McHugh writes, “We cannot find freedom in our introversion until we embrace our primary identities as sons and daughters of God.” Regardless of our introversion or extroversion, our Myer’s-Briggs profile, our SHAPE or our strengths, we are children of God and therefore significant, important and most importantly, called. We are called to do what we’re doing, and when God calls someone into a task, He equips them. Therefore, you have everything you need to lead your team successfully; you simply need to lean on Christ as the source of your strength. Trust Him to lead your leadership.

Re-Think Leadership

Many tend to picture leaders as the loud, outspoken, charismatic ones that people naturally follow. And sometimes that’s true. But perhaps that’s just the loudest voice getting all the attention at the moment. McHugh says this about leadership: “Leaders give people a lens and a language for understanding their work and experiences in light of larger purposes.” You don’t have to be a charismatic public speaker to lead people if that is your definition. Giving people a lens is something that you can do every weekend when the volunteers show up to do their jobs. You don’t have to do it in big groups, nor do you have to lead a thousand people to make a difference. 

Re-Imagine Your Impact

At times, we introverts can feel inferior to the extroverts around us because our circles of influence are smaller. But instead of feeling like our introversion is a liability to leading others, perhaps we should consider it an asset. Again, to quote McHugh: “At times I have compared myself negatively with my extroverted counterparts who have more widespread influence.
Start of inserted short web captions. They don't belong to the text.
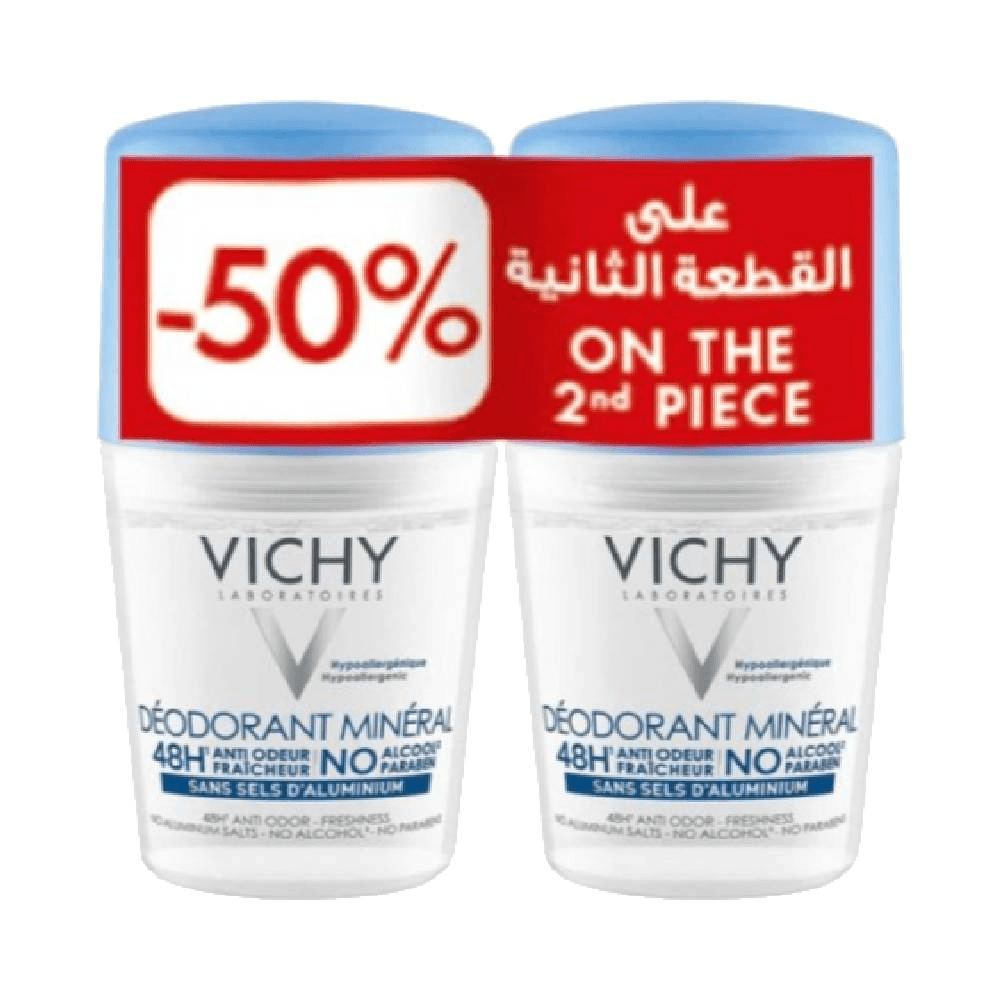 Vichy Mineral Deodorant 48 Hour Roll On 
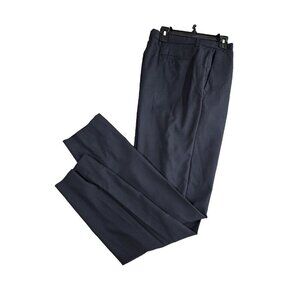 Banana Republic Pant W34xL34 Slim Navy Smart-Weight Performance Wool Blend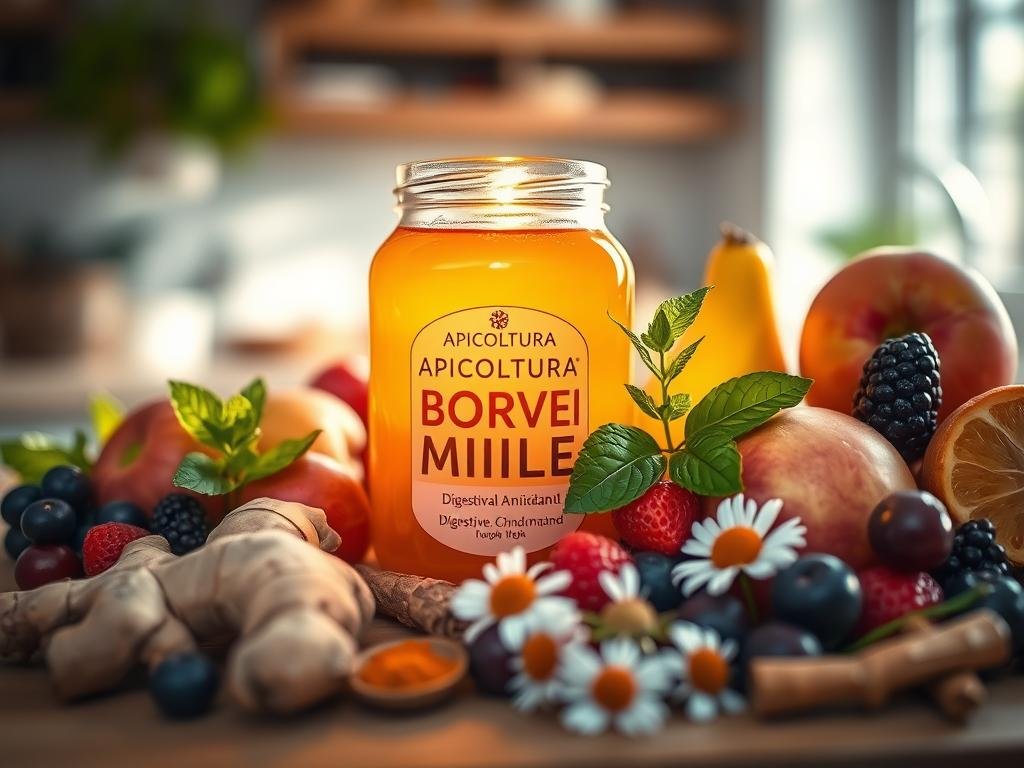 Antiossidanti nel miele per la salute digestiva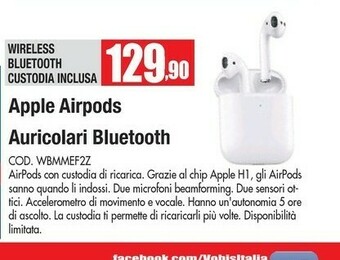 Vobis Apple Airpods offerta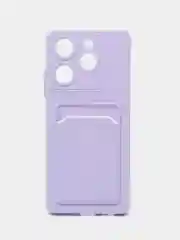 Лавандовый чехол на Tecno Spark 20 Pro / 20S Pro (Техно Спарк 20 Про/20S Про) с карманом для карт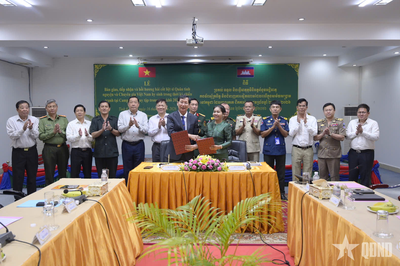 Đội K92 quy tập 18 hài cốt liệt sĩ tại tỉnh Kampot (Campuchia)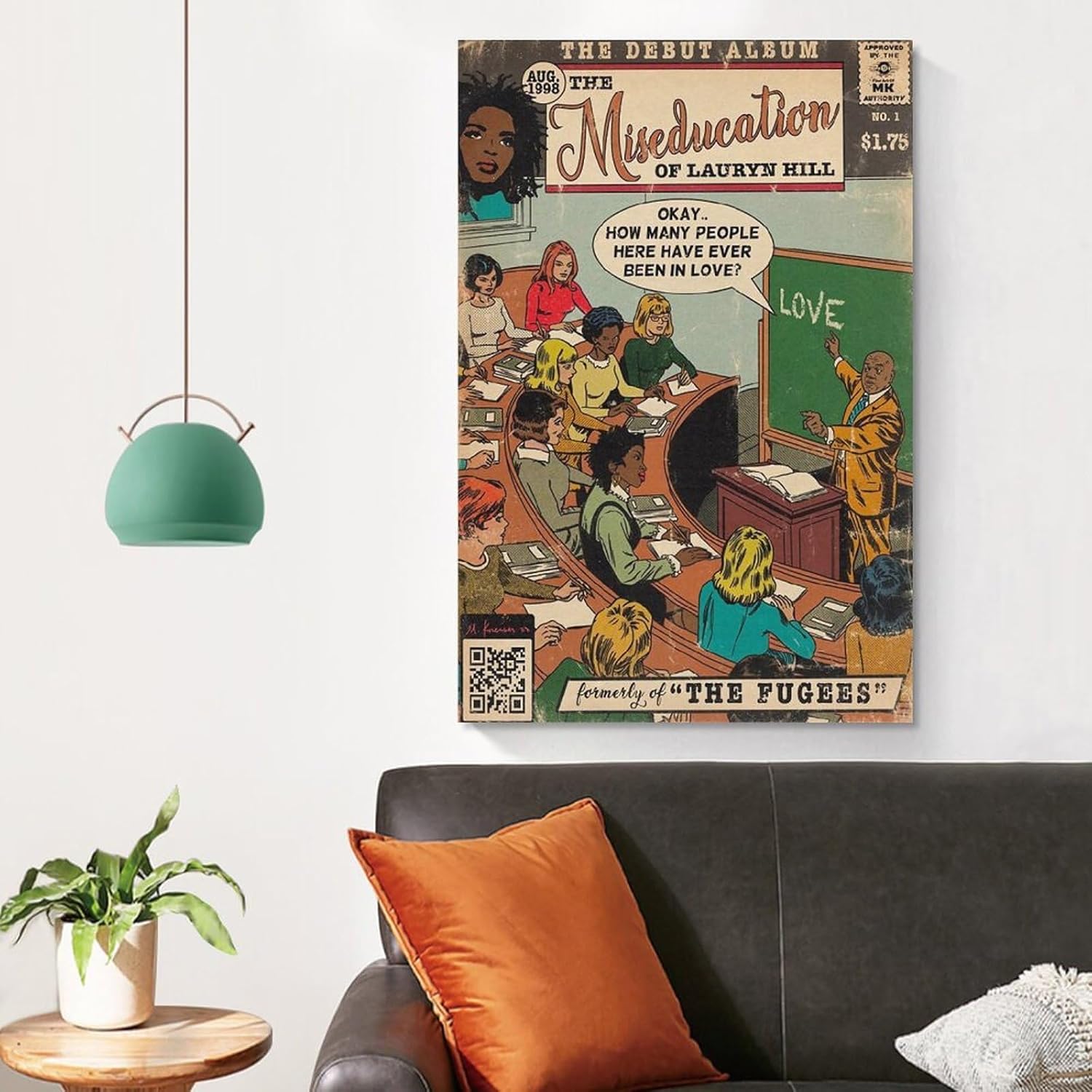 DAXXIN Lauryn Hill The Miseducation of Lauryn Hill – Póster de 3 lienzos en lienzo decorativo para pared, sala de estar, dormitorio, decoración,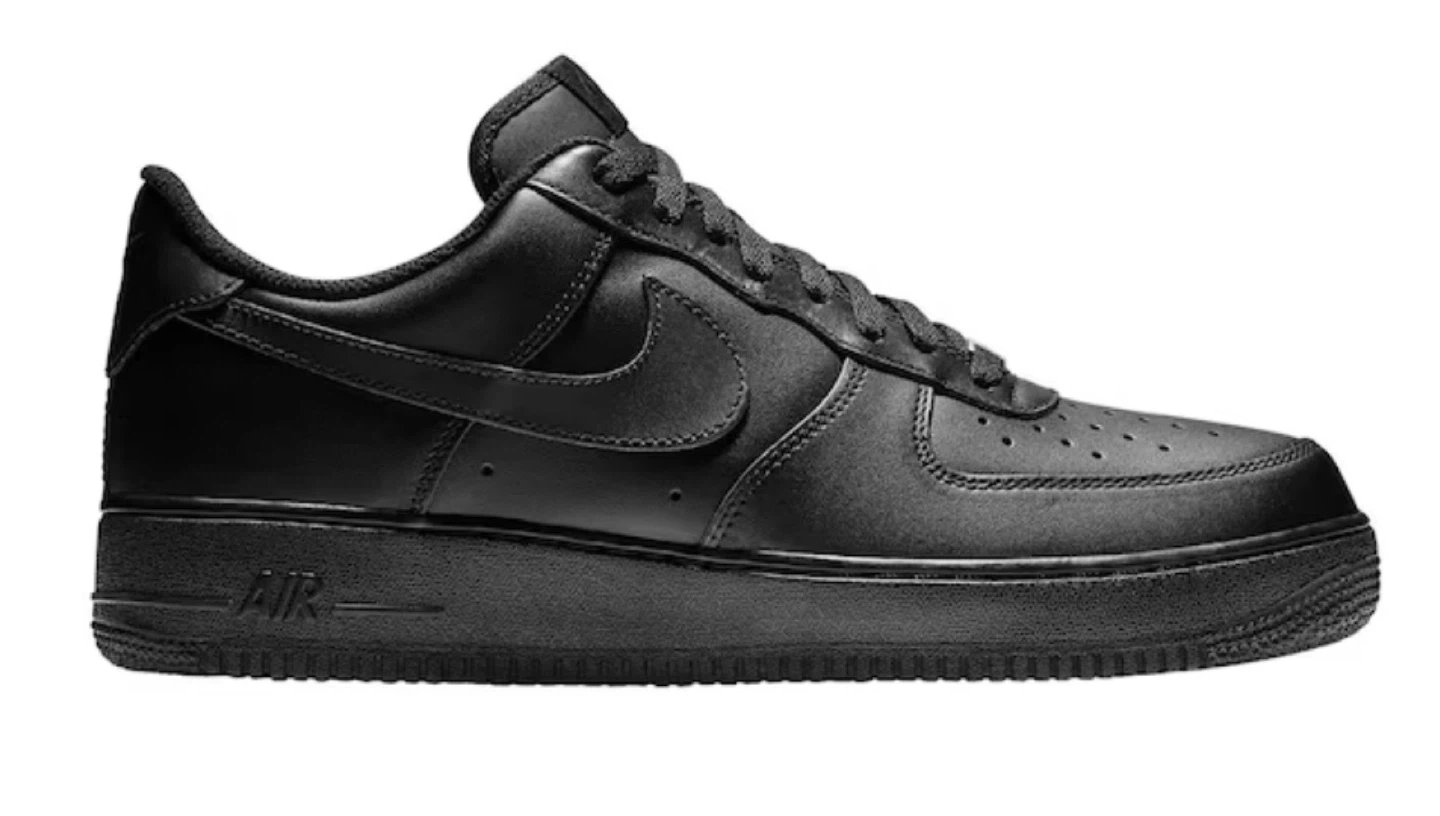 Nike Air Force 1 '07 Black Shoes - photo 3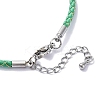 Polyester Cord Braided Bracelet Makings MAK-Z003-01P-22-3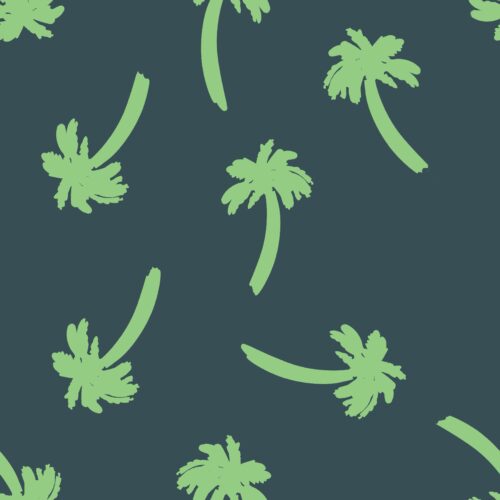 Lindsay Anne - Shoreline Palsm Navy Green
But I have come to see this ‘limitation’ as an opportunity to have a deeper impact on the people I do influence.”

Generally speaking, technical teams tend to be smaller, which favors our strength. While we may not influence hundreds or thousands, those we do influence will get much more from us. We have an amazing opportunity to make a lasting impact on those on our teams. Our natural ability to listen, get to know people and speak wisely will have a radical effect on our volunteers. 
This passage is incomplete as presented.